Deuxièmement, l’APE ne sera pas et ne devra pas être perçue comme un instrument de propagande de l’UE. De solides garde-fous devront être mis en place afin d’assurer son indépendance et son impartialité, et cela devrait faire partie intégrale de sa gouvernance.

Troisièmement, l’objectif devrait aller au-delà de la création d’un nouveau média devant tenter de coexister pacifiquement avec les médias publics et privés existants. L’APE devra au contraire permettre de dégager de nouvelles recettes pour les médias privés de qualité en se comportant comme une plateforme pour du contenu journalistique . Sans détour, l’objectif est que l’APE devienne une grande plateforme média européenne au lieu de se limiter à produire du contenu pour des gros fournisseurs de plateformes non-européennes. La protection des données, ainsi que des formes de publicité limitées et transparentes, devraient constituer des avantages compétitifs tangibles pour cette plateforme média européenne. Les concurrents de l’APE ne sont ni les services audiovisuels publics comme la ZDF allemande ou la RAI italienne, ni des médias privés comme le français Le Monde ou l’allemand Süddeutsche Zeitung, mais bien Facebook et Google.

Quatrièmement, l’UE a 24 langues, ce qui est généralement perçu comme un des principaux obstacles à l’apparition d’un espace public européen. L’APE devra affronter ce défi la tête haute, tirant profit de l’évolution rapide des technologies en matière de traduction automatique. Un investissement conséquent dans un média multilingue va créer des retombées positives pour d’autres secteurs de l’économie et pourrait également représenter un maillon important de la politique européenne d’innovation – cela ne devrait pas être sous-estimé.

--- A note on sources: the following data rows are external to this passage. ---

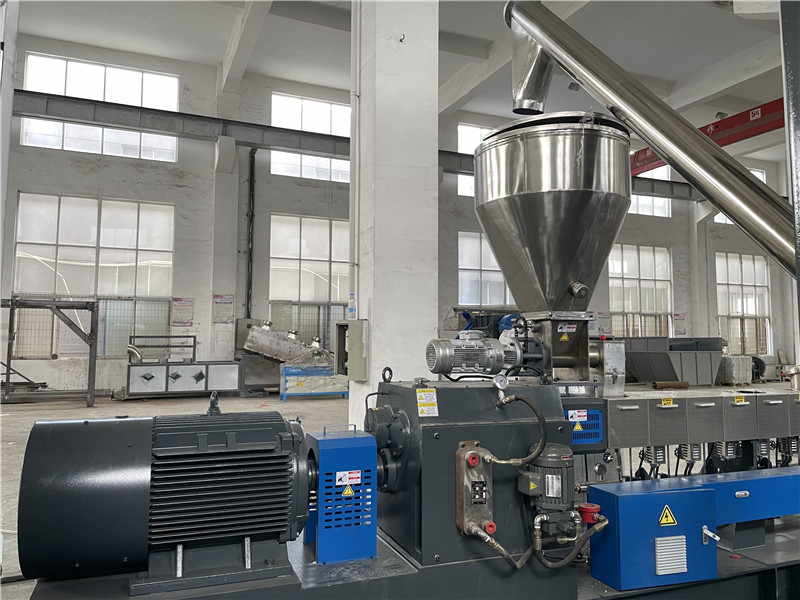 PP PE Pet Plastic Pelletizing Machine / Waste Plastic Recycling Machine / Plastic Granulators details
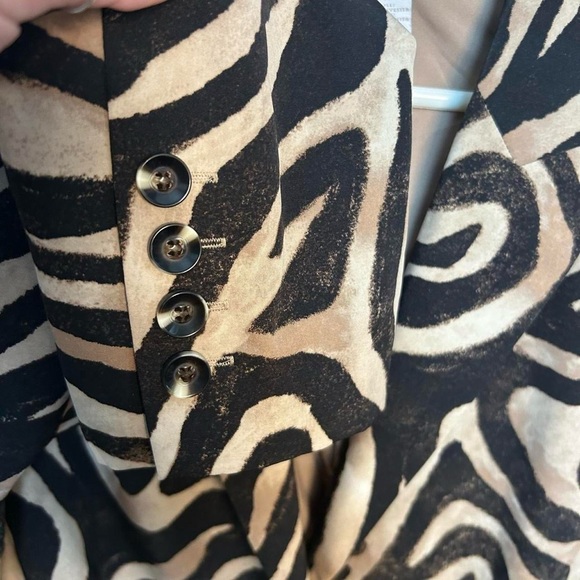 Chico’s Satin Zebra Blazer L / US 12 – Neutral Chic Statement Jacket - Picture 4 of 10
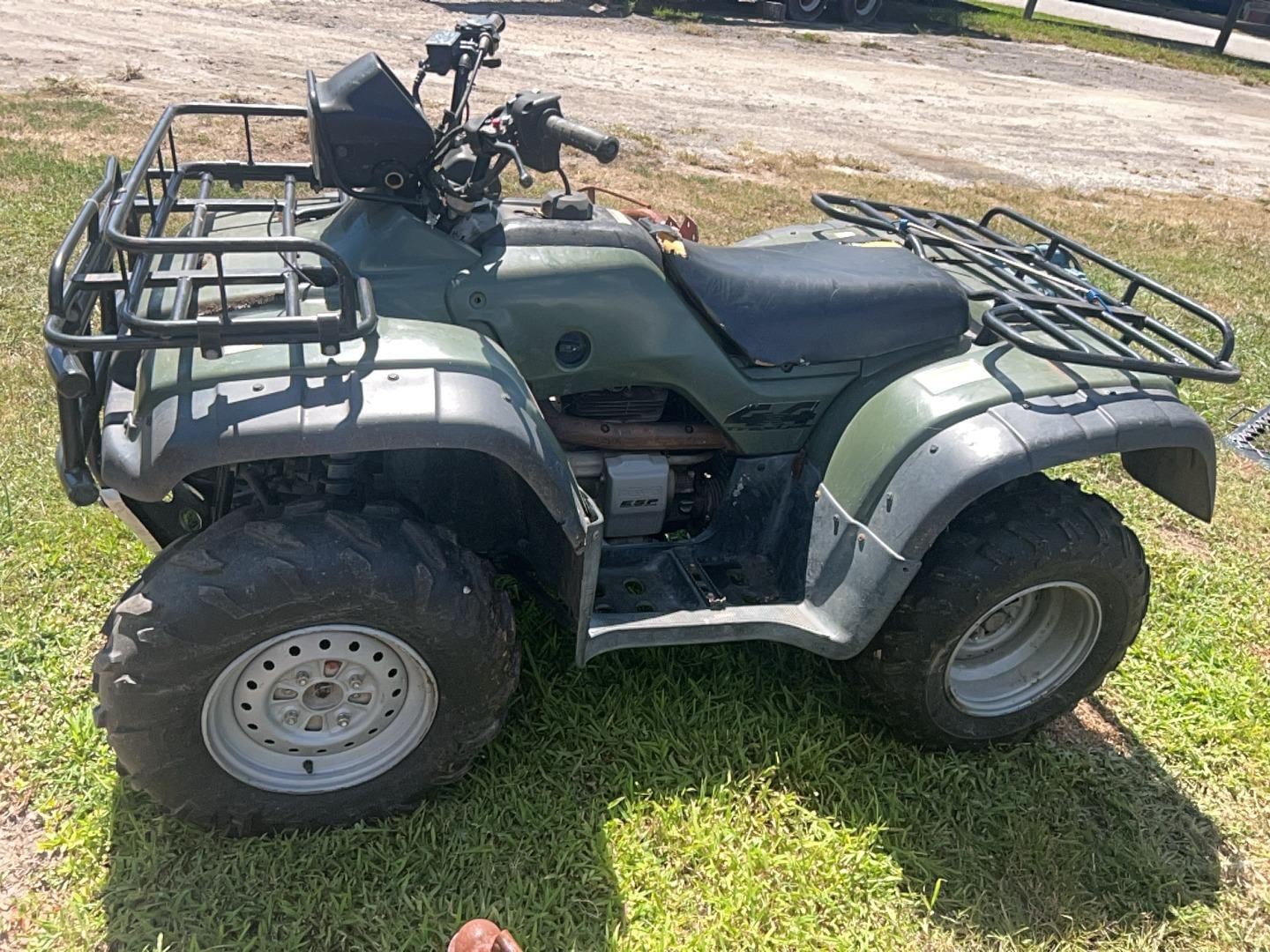 2005 Honda Foreman 400 Equipment Image0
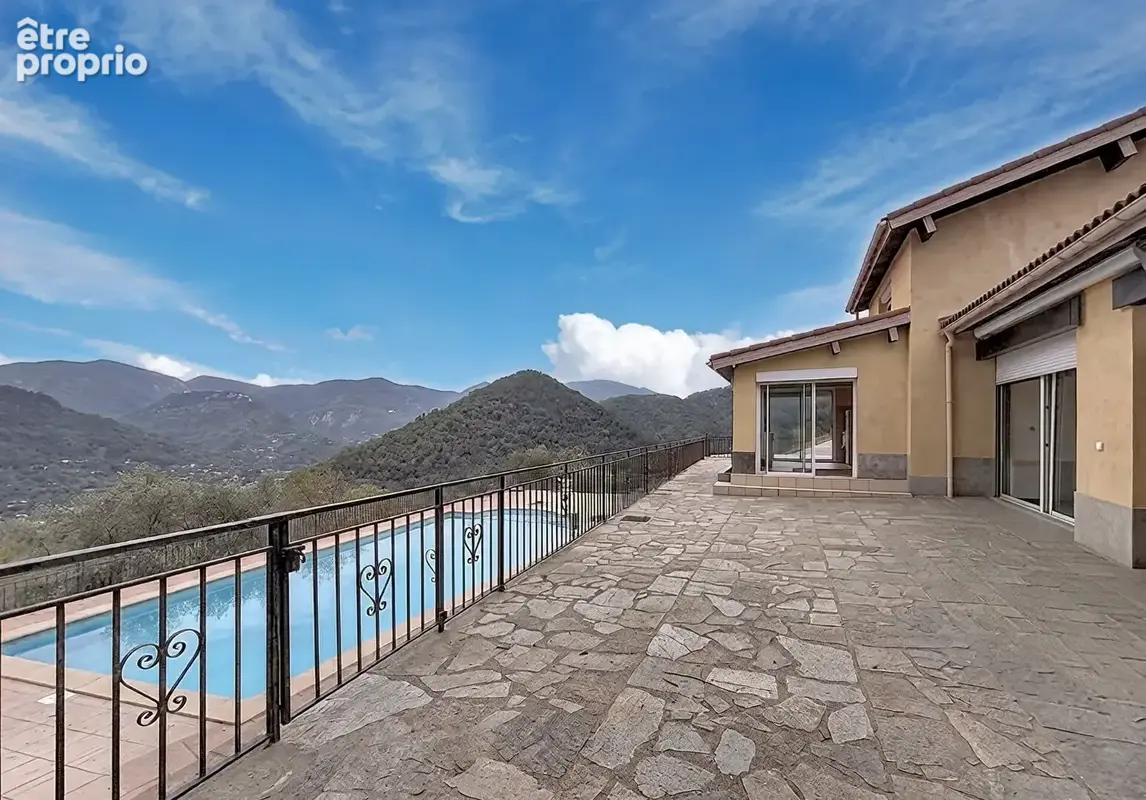 Villa Sospel 265 m2 - photo 2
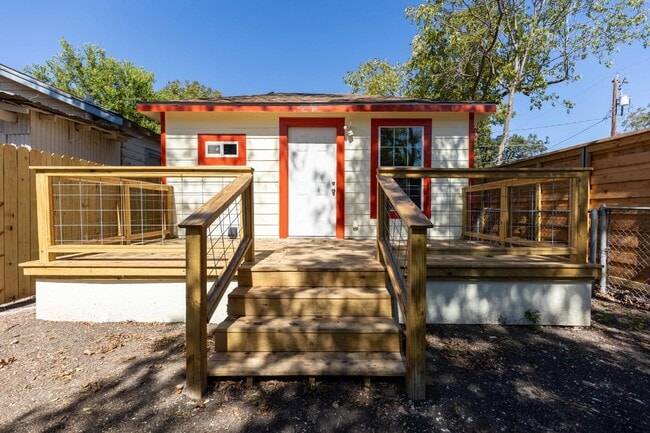 Building Photo - 330 Gem Ln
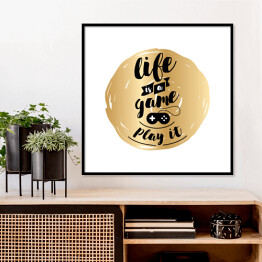 Plakat w ramie "Życie to gra, zagraj w nią" - czarny tekst na złotym tle
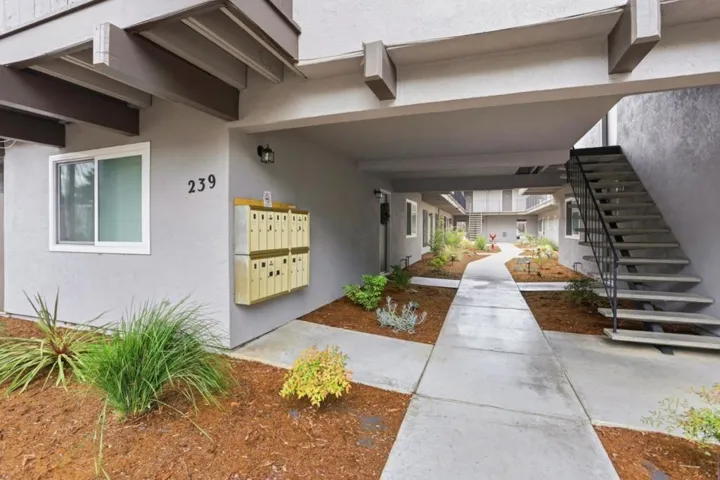 239 Easy Street, Mountain View, California 94043 — photo 4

Enfin, les chances de succès de l’APE augmenteront beaucoup si celle-ci peut se développer au sein d’un environnement régulatoire adapté. Nous sommes favorables à une approche dans laquelle les principales plateformes numériques devront réserver un certain pourcentage de leur surface – 5 % par exemple – aux contenus produits par l’APE (avec une obligation de diffusion). A cela s’ajouterait une taxe de 5 % sur leur chiffre d’affaires européen afin de financer l’APE. La situation actuelle, dans laquelle l’économie du clic prospère tout en sapant les modèles économiques du journalisme de qualité et en pratiquant une évasion fiscale des plus agressives n’est tout simplement pas durable.

Créer un nouveau média et attirer un public généraliste partout en Europe constituent certainement une tâche immense, et nous en sommes bien conscients. Mais l’enjeu est de taille. Il s’agit de l’identité, de la démocratie, de la liberté et de l’avenir du modèle européen.

Début 2019 au plus tard, l’APE devrait être lancé, avec un format talk-show conçu avec soin, une sorte de Champions League européenne des talk-shows, pendant laquelle des personnalités européennes discuteront, débattront et chercheront des solutions. Chaque semaine dans un endroit différent en Europe et avec un public différent.

La raison pour laquelle nous avons choisi cette date pour son lancement tient à celle des prochaines élections européennes, en 2019. Nous venons d’assister aux Etats-Unis à ce qu’est une élection qui se déroule dans une bulle post-factuelle. Ce n’est pas la seule raison, mais c’est la principale expliquant ce besoin urgent d’un média fort et crédible : contribuer à l’émergence d’un espace public européen éclairé et basé sur les faits.